Le cinquième et dernier round des négociations interburundaises s’est ouvert mercredi 24 octobre à Arusha en Tanzanie. Mais le gouvernement a fait savoir qu’il serait absent, faisant valoir que le mois d’octobre était « un mois de deuil au Burundi ».

En octobre, le Burundi commémore l’assassinat de deux grandes figures de son histoire, le prince Louis Rwagasore, « héros de l’indépendance », et Melchior Ndadaye, « héros de la démocratie ».

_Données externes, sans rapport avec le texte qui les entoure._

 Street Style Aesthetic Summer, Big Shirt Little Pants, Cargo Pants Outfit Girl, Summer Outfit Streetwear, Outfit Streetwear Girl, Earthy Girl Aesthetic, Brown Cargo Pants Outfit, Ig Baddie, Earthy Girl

Cette année, le gouvernement parle même d’un « mois de deuil », bien que cela n’ait fait l’objet d’aucun décret. Ce deuil pousse donc le gouvernement, mais également une vingtaine de partis politiques proches du régime, à boycotter la réunion d’Arusha qui doit permettre d’évoquer l’organisation des élections de 2020.

« Prétexte honteux »

Seuls des leaders de l’opposition interne et externe ont fait le déplacement dans l’espoir d’y participer. C’est le cas d’Anicet Niyonkuru, secrétaire exécutif du Cnared, le Conseil national pour le respect de l’accord d’Arusha. A ses yeux, le deuil est un « prétexte honteux » qui montre que le pouvoir « ne veut pas la paix ».

Le chercheur Jean-Benoît Falisse, spécialiste des Grands Lacs à l’université d’Oxford, estime que cet échec était prévisible.